[About this exercise]
Each entry must appear in the answer exactly as given.

[Dataset]
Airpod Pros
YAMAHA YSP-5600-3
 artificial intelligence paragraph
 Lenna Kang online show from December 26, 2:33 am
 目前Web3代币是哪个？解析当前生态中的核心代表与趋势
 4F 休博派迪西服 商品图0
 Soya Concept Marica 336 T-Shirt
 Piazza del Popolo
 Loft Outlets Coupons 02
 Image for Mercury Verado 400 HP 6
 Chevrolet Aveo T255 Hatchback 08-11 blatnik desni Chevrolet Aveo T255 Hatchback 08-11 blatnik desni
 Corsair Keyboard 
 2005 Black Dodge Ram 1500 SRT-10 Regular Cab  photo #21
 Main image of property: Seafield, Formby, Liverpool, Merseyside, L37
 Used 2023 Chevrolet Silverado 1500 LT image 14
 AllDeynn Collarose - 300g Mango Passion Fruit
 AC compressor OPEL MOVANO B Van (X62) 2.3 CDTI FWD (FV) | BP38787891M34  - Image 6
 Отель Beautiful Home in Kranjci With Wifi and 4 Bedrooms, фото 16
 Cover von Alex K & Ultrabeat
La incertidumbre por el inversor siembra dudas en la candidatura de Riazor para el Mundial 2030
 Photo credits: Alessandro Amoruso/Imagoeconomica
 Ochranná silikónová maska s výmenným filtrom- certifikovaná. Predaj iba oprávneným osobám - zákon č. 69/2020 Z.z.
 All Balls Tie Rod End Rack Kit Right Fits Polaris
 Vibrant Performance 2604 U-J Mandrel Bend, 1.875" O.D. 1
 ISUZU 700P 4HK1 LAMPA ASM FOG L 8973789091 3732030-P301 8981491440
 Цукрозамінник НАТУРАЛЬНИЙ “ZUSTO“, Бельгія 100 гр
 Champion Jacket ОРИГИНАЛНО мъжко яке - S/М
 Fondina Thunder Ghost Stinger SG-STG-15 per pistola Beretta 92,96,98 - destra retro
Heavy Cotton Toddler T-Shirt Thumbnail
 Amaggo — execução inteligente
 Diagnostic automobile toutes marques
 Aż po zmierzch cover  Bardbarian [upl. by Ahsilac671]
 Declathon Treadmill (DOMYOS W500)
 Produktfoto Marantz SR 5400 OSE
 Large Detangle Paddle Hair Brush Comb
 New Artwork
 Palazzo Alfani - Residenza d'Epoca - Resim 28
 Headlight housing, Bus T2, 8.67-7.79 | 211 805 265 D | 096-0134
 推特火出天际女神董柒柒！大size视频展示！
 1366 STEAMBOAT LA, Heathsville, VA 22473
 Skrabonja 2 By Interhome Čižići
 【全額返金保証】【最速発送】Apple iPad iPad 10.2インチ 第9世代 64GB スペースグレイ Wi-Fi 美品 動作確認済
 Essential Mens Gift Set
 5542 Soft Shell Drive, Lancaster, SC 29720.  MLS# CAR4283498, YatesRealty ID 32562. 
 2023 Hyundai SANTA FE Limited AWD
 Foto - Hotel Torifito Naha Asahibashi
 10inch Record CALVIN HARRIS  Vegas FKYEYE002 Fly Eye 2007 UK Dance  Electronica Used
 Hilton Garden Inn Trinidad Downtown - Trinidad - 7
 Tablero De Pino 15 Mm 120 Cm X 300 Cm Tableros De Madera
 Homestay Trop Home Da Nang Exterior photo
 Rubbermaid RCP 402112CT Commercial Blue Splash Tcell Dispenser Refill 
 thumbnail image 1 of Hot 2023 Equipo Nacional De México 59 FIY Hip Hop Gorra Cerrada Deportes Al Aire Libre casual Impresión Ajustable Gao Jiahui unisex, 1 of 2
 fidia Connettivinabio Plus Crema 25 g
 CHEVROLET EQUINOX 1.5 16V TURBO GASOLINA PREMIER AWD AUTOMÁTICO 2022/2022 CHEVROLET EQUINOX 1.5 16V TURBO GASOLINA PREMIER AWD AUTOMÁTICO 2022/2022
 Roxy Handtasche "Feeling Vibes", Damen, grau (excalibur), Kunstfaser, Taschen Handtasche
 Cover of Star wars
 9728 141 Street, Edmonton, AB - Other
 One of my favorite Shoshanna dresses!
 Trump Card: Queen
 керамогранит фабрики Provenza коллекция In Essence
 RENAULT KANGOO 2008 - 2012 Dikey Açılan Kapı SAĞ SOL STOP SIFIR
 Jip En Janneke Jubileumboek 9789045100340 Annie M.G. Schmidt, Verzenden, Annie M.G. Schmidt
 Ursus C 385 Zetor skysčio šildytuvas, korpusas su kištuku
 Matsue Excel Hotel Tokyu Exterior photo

[Reply to the task]
Airpod Pros
YAMAHA YSP-5600-3
 artificial intelligence paragraph
 Lenna Kang online show from December 26, 2:33 am
 目前Web3代币是哪个？解析当前生态中的核心代表与趋势
 4F 休博派迪西服 商品图0
 Soya Concept Marica 336 T-Shirt
 Piazza del Popolo
 Loft Outlets Coupons 02
 Image for Mercury Verado 400 HP 6
 Chevrolet Aveo T255 Hatchback 08-11 blatnik desni Chevrolet Aveo T255 Hatchback 08-11 blatnik desni
 Corsair Keyboard 
 2005 Black Dodge Ram 1500 SRT-10 Regular Cab  photo #21
 Main image of property: Seafield, Formby, Liverpool, Merseyside, L37
 Used 2023 Chevrolet Silverado 1500 LT image 14
 AllDeynn Collarose - 300g Mango Passion Fruit
 AC compressor OPEL MOVANO B Van (X62) 2.3 CDTI FWD (FV) | BP38787891M34  - Image 6
 Отель Beautiful Home in Kranjci With Wifi and 4 Bedrooms, фото 16
 Cover von Alex K & Ultrabeat
La incertidumbre por el inversor siembra dudas en la candidatura de Riazor para el Mundial 2030
 Photo credits: Alessandro Amoruso/Imagoeconomica
 Ochranná silikónová maska s výmenným filtrom- certifikovaná. Predaj iba oprávneným osobám - zákon č. 69/2020 Z.z.
 All Balls Tie Rod End Rack Kit Right Fits Polaris
 Vibrant Performance 2604 U-J Mandrel Bend, 1.875" O.D. 1
 ISUZU 700P 4HK1 LAMPA ASM FOG L 8973789091 3732030-P301 8981491440
 Цукрозамінник НАТУРАЛЬНИЙ “ZUSTO“, Бельгія 100 гр
 Champion Jacket ОРИГИНАЛНО мъжко яке - S/М
 Fondina Thunder Ghost Stinger SG-STG-15 per pistola Beretta 92,96,98 - destra retro
Heavy Cotton Toddler T-Shirt Thumbnail
 Amaggo — execução inteligente
 Diagnostic automobile toutes marques
 Aż po zmierzch cover  Bardbarian [upl. by Ahsilac671]
 Declathon Treadmill (DOMYOS W500)
 Produktfoto Marantz SR 5400 OSE
 Large Detangle Paddle Hair Brush Comb
 New Artwork
 Palazzo Alfani - Residenza d'Epoca - Resim 28
 Headlight housing, Bus T2, 8.67-7.79 | 211 805 265 D | 096-0134
 推特火出天际女神董柒柒！大size视频展示！
 1366 STEAMBOAT LA, Heathsville, VA 22473
 Skrabonja 2 By Interhome Čižići
 【全額返金保証】【最速発送】Apple iPad iPad 10.2インチ 第9世代 64GB スペースグレイ Wi-Fi 美品 動作確認済
 Essential Mens Gift Set
 5542 Soft Shell Drive, Lancaster, SC 29720.  MLS# CAR4283498, YatesRealty ID 32562. 
 2023 Hyundai SANTA FE Limited AWD
 Foto - Hotel Torifito Naha Asahibashi
 10inch Record CALVIN HARRIS  Vegas FKYEYE002 Fly Eye 2007 UK Dance  Electronica Used
 Hilton Garden Inn Trinidad Downtown - Trinidad - 7
 Tablero De Pino 15 Mm 120 Cm X 300 Cm Tableros De Madera
 Homestay Trop Home Da Nang Exterior photo
 Rubbermaid RCP 402112CT Commercial Blue Splash Tcell Dispenser Refill 
 thumbnail image 1 of Hot 2023 Equipo Nacional De México 59 FIY Hip Hop Gorra Cerrada Deportes Al Aire Libre casual Impresión Ajustable Gao Jiahui unisex, 1 of 2
 fidia Connettivinabio Plus Crema 25 g
 CHEVROLET EQUINOX 1.5 16V TURBO GASOLINA PREMIER AWD AUTOMÁTICO 2022/2022 CHEVROLET EQUINOX 1.5 16V TURBO GASOLINA PREMIER AWD AUTOMÁTICO 2022/2022
 Roxy Handtasche "Feeling Vibes", Damen, grau (excalibur), Kunstfaser, Taschen Handtasche
 Cover of Star wars
 9728 141 Street, Edmonton, AB - Other
 One of my favorite Shoshanna dresses!
 Trump Card: Queen
 керамогранит фабрики Provenza коллекция In Essence
 RENAULT KANGOO 2008 - 2012 Dikey Açılan Kapı SAĞ SOL STOP SIFIR
 Jip En Janneke Jubileumboek 9789045100340 Annie M.G. Schmidt, Verzenden, Annie M.G. Schmidt
 Ursus C 385 Zetor skysčio šildytuvas, korpusas su kištuku
 Matsue Excel Hotel Tokyu Exterior photo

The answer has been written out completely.